Одну банку она открыла, эта их прислуга, другую свистнула, чтоб у нее все сгорело на этом масле, черт меня дернул еще свои собственные деньги доплачивать. Я схватил уцелевшие банки, и в эту минуту в передней что-то заскрипело, маман онемела, точно в ожидании страшного известия, хлопнула входная дверь, и в переднюю торопливо вошел Адась. Я с облегчением вздохнул.

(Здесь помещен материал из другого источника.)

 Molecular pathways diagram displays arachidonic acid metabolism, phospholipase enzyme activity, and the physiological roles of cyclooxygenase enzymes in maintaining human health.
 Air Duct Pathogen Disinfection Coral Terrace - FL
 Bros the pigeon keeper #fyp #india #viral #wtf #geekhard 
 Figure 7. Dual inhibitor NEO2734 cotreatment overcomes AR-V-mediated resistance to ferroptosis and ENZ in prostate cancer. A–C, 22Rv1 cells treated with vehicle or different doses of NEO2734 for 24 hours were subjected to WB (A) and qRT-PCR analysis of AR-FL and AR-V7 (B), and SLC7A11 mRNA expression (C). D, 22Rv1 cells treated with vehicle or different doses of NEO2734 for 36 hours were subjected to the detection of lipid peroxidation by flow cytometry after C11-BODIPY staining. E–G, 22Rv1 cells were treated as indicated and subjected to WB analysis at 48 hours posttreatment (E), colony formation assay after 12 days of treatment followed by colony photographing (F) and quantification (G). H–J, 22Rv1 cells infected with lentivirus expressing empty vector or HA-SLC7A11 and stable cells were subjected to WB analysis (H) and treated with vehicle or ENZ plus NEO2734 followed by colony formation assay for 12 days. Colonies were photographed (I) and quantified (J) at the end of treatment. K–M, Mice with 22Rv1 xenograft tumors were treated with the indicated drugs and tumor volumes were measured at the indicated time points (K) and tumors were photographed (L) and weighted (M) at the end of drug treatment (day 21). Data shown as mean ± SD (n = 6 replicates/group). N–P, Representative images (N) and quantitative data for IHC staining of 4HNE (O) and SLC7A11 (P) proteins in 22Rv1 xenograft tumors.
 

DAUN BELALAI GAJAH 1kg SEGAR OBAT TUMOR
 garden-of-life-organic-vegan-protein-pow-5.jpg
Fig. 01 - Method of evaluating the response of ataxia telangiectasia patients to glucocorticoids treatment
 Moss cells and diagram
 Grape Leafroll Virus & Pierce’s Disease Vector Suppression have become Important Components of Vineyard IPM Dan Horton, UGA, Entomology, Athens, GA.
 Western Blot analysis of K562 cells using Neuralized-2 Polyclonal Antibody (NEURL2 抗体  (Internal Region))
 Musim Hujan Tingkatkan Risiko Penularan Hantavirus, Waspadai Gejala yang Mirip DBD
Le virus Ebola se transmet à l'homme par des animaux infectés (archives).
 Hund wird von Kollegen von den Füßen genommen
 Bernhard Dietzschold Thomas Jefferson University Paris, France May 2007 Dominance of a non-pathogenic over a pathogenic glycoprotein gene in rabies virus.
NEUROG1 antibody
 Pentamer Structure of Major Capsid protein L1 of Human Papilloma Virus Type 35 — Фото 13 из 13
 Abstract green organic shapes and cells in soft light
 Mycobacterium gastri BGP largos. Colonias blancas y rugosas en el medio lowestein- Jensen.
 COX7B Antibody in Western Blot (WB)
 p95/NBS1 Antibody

– Сынок! – взвизгнула маман и бросилась целовать и обнимать его. Вслед за ней, наивно оставив на столе денежки, к Адасю кинулся папан. Меня-то этот их любимый сынок сразу заметил, у него даже язык отнялся; конечно, он не ожидал встретить меня здесь, а может, просто перетрусил, думая, что я продал его, нарушив джентльменский уговор. Старики окружили Адася, рвали его друг у друга из рук, наперебой осыпали нежностями. Я, как дурак, стоял со своими банками. Адась то и дело стрелял в меня злобными взглядами поверх их голов. Теперь уж они выделят ему такую порцию нежности, что ему тошно станет, распустится весь, как мыло в воде, но до денежек-то он, как пить дать, дорвется, старики ему, поди, мотороллер купят и вообще все, что он захочет. А пока этого скота трясло от бешенства и досады.

– Что случилось, Адась? Что за похищение? Ну скажи же, деточка, как это случилось? Где ты был? Может, это была чья-то глупая шутка? Расскажи же, сыночек!